I see three courses of action, the first of which addresses the core issue that caused your question, the second and third directly answer your question.
1. Educate the DM.
The easiest way to fix the issue, and my preferred way, is to have your DM properly use passive perception. If your DM learns how passive perception works, you no longer have to modify existing mechanics to account for a stat that your DM is choosing to ignore.
Your DM should be using passive perception to see if you notice things when you're not specifically looking for something. This would be used to notice the guy eavesdropping on your bar conversation, things subtly out of place in your home, or that your pockets are suddenly a bit lighter while in the market. Passive perception is used to notice things when you're not actively searching for them.
This is different than active perception where you are actively using your sense to find something. This could be trying to locate where an archer just shot at your teammate, finding where the goblin skulking in the shadows ran off to, or eavesdrop on a conversation going on behind closed doors.
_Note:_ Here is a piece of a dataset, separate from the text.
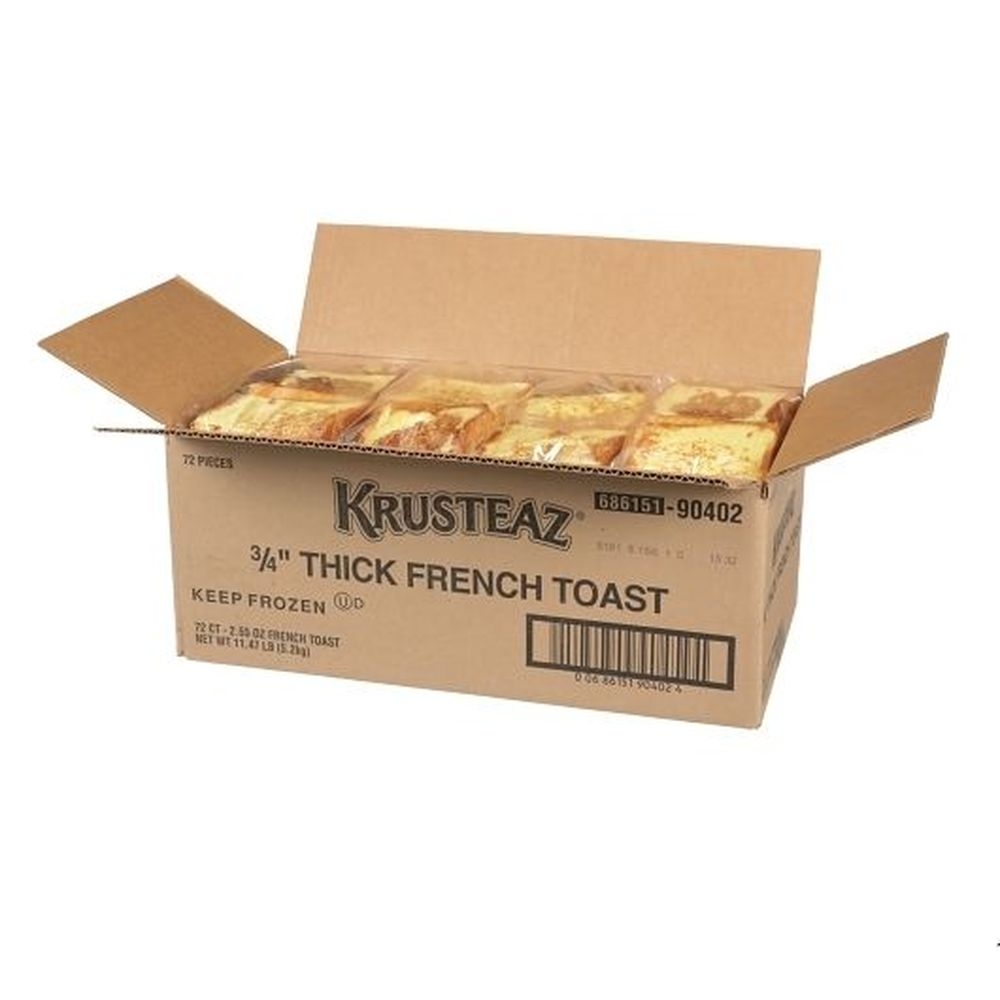 Krusteaz Thick French Toast, 2.55 Ounce -- 72 Per Case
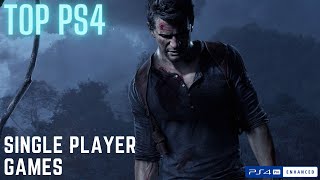 Top 10 Single Player Offline PS4 Games [upl. by Kinsley435]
The biggest benefit to using passive perception is secrecy. If the DM calls for a roll, you as a player now know that there is potentially something you didn't notice and you'll now potentially react to the roll (meta-gaming).
You know your DM better than us, so you would have to decide if proper application of the rules is feasible and how to approach the situation, but highlighting the DM's ability to be secret is a big selling point to prevent meta-gaming. Also, having your DM play by the rules as written (RAW) means home-brew balancing and altering of feats wouldn't be necessary, so less work for him overall.
2. Disallow the Observant feat if Passive Perception is not being used.
A quick search for stealthy monsters had me yield a Shadow and a Invisible Stalker as two decently stealthy monsters of differing levels. I'm sure better examples exist, however.
A Shadow is CR 1/2 and gets +4 to Stealth. A small group of these would be a viable encounter for level 2's, and normally allow for use of hiding mechanics to achieve advantages. Against such a high skill level, this wouldn't be such a threat. If your DM is not using passive perception, then it is also likely that they may be giving free active perception checks in combat (which also is not RAW) to notice hidden creatures, which further disadvantages stealthy critters.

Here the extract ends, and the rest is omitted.